My Cultural Life - Take Two

What's Up?

It's never nice to speak ill of the dead, but there was this guy in my past who really did me a disservice. It was around 1992, either my shop had closed down or it was in its last throes of life. I had started writing again, after a what seemed like years since I last sat in front of a typewriter (or old PC). Because I had started writing stuff for Comics International it had ignited my desire to write a novel again (having written a couple of first drafts previously) and I was about six months into something I called Succubus. It was a story of a happily married man whose wife disappears without a trace and instead of the police and friends doing everything they could, everyone began to forget his wife completely - telling him events that he'd lived through either didn't happen or didn't happen the way the man thought they had. Gradually, his wife disappeared from video tape, from photographs, from everywhere... Until one day he meets someone who had the same thing happen to them.

I was using an old PC with 60meg of hard drive - yes, you read that correctly - 60megabytes; not big enough to take a single video off of my phone. It was Windows 3.1 OS and I knew my way around my PC and I was having a problem with it that I couldn't solve. I can't even remember what it was, only that it was getting worse and needed looking at. A friend of a friend who I had become familiar with through making relationships in the shop was, apparently, a wizard with PCs and I took it round to his place and he said, 'Yeah, no problem' and said it would be ready the next day...

What this 'wizard' did, but neglected to tell me he was going to do, was wipe my hard drive and reinstall none of my programmes! It solved the problem, but lost me six months of work. He didn't tell me he was going to do this drastic measure and therefore I hadn't backed up any of my writing on floppy disks. When I expressed a mixture of heartbreak and apoplectic rage at him he said, 'Well you should have backed it up.' I know, I should have, but, I didn't know he was going to wipe my drive...

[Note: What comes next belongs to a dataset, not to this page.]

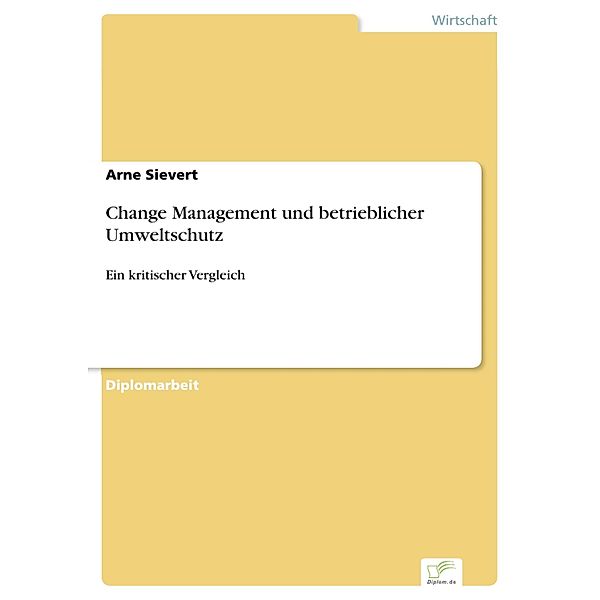 Change Management und betrieblicher Umweltschutz, Arne Sievert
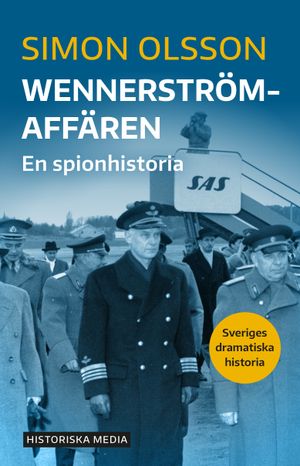 Wennerströmaffären: En spionhistoria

I'd written a little over 27,000 words and it was probably riddled with bad grammar and shit sentences. It probably wasn't the best thing I've ever 'written' but it was much better than anything I'd ever written before and structure isn't a problem; the me of 33 years later is a better writer and editor and things can be fixed in the editing room. Now, anyone who has ever had writing ambitions will look at this story and say, 'But, you just had to write it again, you would have rewritten it several times on the way to a finished novel, surely?' The thing was, I sat down determined to catch up on lost time, but nothing came out the way it had and it all felt like a school homework project about writing something from memory alone. Suffice it to say, it never really happened and I've harboured a deep resentment to the guy who fucked me up my hard drive even though he's been dead for nearly 20 years.

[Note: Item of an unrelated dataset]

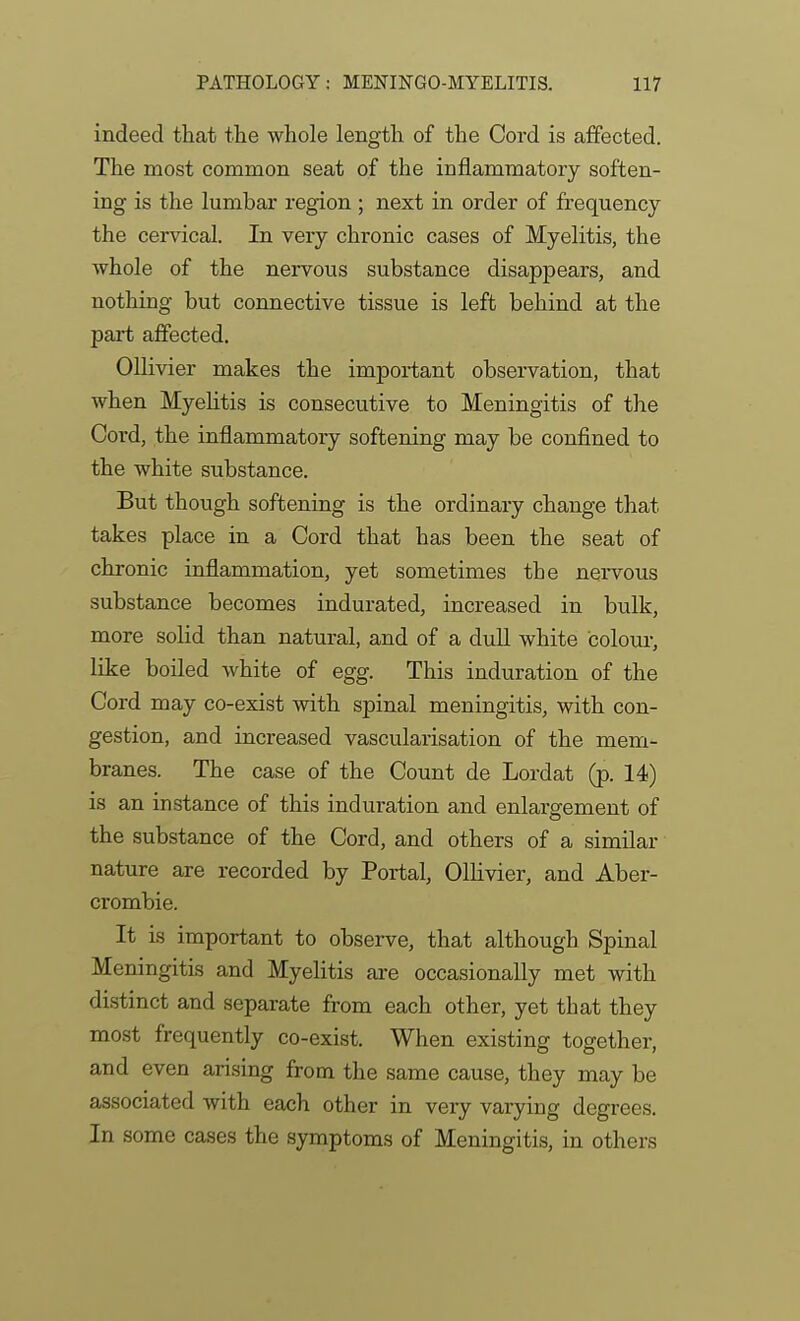 indeed that tlie whole length of the Cord is affected. The most common seat of the inflammatory soften- ing is the lumbar region ; next in order of frequency the cervical. In very chronic cases of Myelitis, the whole of the nervous substance disappears, and nothing but connective tissue is left behind at the part alfected. OUivier makes the important observation, that when Myelitis is consecutive to Meningitis of the Cord, the inflammatory softening may be confined to the white substance. But though softening is the ordinary change that takes place in a Cord that has been the seat of chronic inflammation, yet sometimes the nervous substance becomes indurated, increased in bulk, more sohd than natural, and of a dull white colour, like boiled white of egg. This induration of the Cord may co-exist with spinal meningitis, with con- gestion, and increased vascularisation of the mem- branes. The case of the Count de Lordat (p. 14) is an instance of this induration and enlargement of the substance of the Cord, and others of a similar nature are recorded by Portal, Ollivier, and Aber- crombie. It is important to observe, that although Spinal Meningitis and Myelitis ai-e occasionally met with distinct and separate from each other, yet that they most frequently co-exist. When existing together, and even arising from the same cause, they may be associated with each other in very varying degrees. In some cases the symptoms of Meningitis, in others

On Wednesday night, after a binge-a-thon of current TV, I came up to my office, a little after 10pm, and proceeded to search Bing for images relating to what I'd seen - you know how the blog looks. Because I had three things to write about, I wrote the sub headline and dropped the picture where it goes. However, the second picture didn't drop in the right place - but I didn't realise this - so I did it twice again before discovering something was up. This has happened before, so the way of solving it was to simply delete the pictures, shut down Chrome and start again from the last saved point. I hadn't lost anything so it was the logical thing to do, except I tried to cut and paste the second image into its proper place and it worked, but it wouldn't align. I should have stopped there, but instead I ctrl-z to undo the previous action and I ctrl-z again to go back to where I was before trying to cut and paste my way out of trouble. 

Something bad happened...

There was nothing in the blog. Nothing at all. Six, maybe seven, reviews I'd done since last Saturday were gone! My immediate reaction was to redo my last two actions, I did and still nothing was there. I might have been able to save myself at that point by simply opening Blogger into another window, going to my active blogs page and reopening it, but instead I panicked and shut Chrome down, hoping [HAH!] that all would be fine when I reopened it. There was nothing. Nothing at all. I'd lost all the work I'd done and it wasn't coming back...

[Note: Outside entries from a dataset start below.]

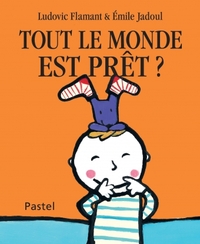 tout le monde est pret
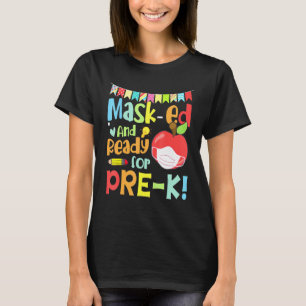Masked And Ready For Preschool First Day Of School T-Shirt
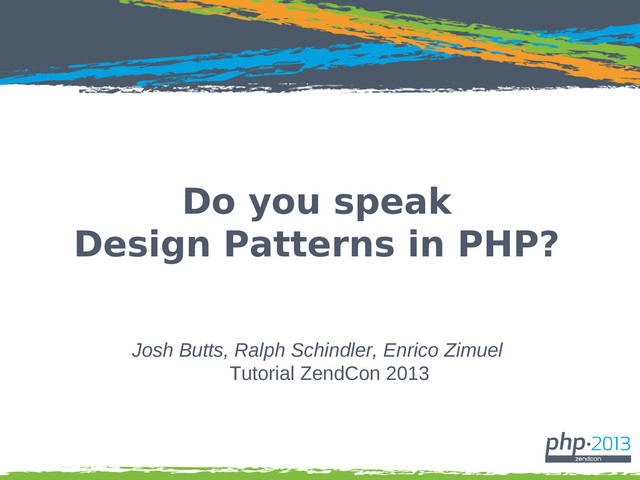 Do you speak
Design Patterns in PHP?
Josh Butts, Ralph Schindler, Enrico Zimuel
Tutorial ZendCon 2013
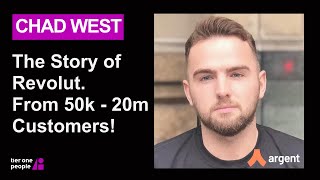 Chad West 50k  20m customers in 5 years The Revolut growth story fintech banking [upl. by Desai]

It's Thursday morning as I type this and I have to start again. I'm not suggesting the lost blog was the best one I've written, because it probably isn't, but it was cleverly linked because of the way it's written. Because this is essentially a weekly diary of my cultural life, I have a general continuity running through it and I write my best reviews when I've just got out of the specific bath I've just taken - figuratively speaking - which is the best analogy I can think of. I can't even remember everything I've watched, if it wasn't for IMDB on my phone I would have overlooked at least one film, I think there might still be one missing.

So... this could be much different than normal...

Family Affair

My original review opened with great praise for the entire feel of the opening 30 minutes of The Fantastic Four: First Steps before slicing much of it apart or questioning the reasons behind why, at times, this felt like a much longer movie had an axe taken to it. This is a film that promises so much and delivers... only so much. It felt devoid of a place anywhere. The style is faultless; the cod-science is brilliant; the general personality building was just about adequate, but the middle and end felt like it was a subplot taking place behind the main act. 

I don't really get Pedro Pascal's ubiquity and yet he makes a reasonable Reed Richards; but he's not my Reed Richards, not by a long chalk. Vanessa Kirby was much better than I expected, but she's still far too old to play Sue Storm if they wanted to stay faithful to the comics - which on the whole they did. The twist with Johnny Storm is he's not as stupid as you thought he was, but in general Joe Quinn's character felt as though he was there to drive another, ridiculously contrived, sub plot along. However, the woefully underused Ebon Moss-Bacharach as The Thing was a delight; he lit up every scene he was in and captured the essence of Lee and Kirby's Ben Grimm to a tee. 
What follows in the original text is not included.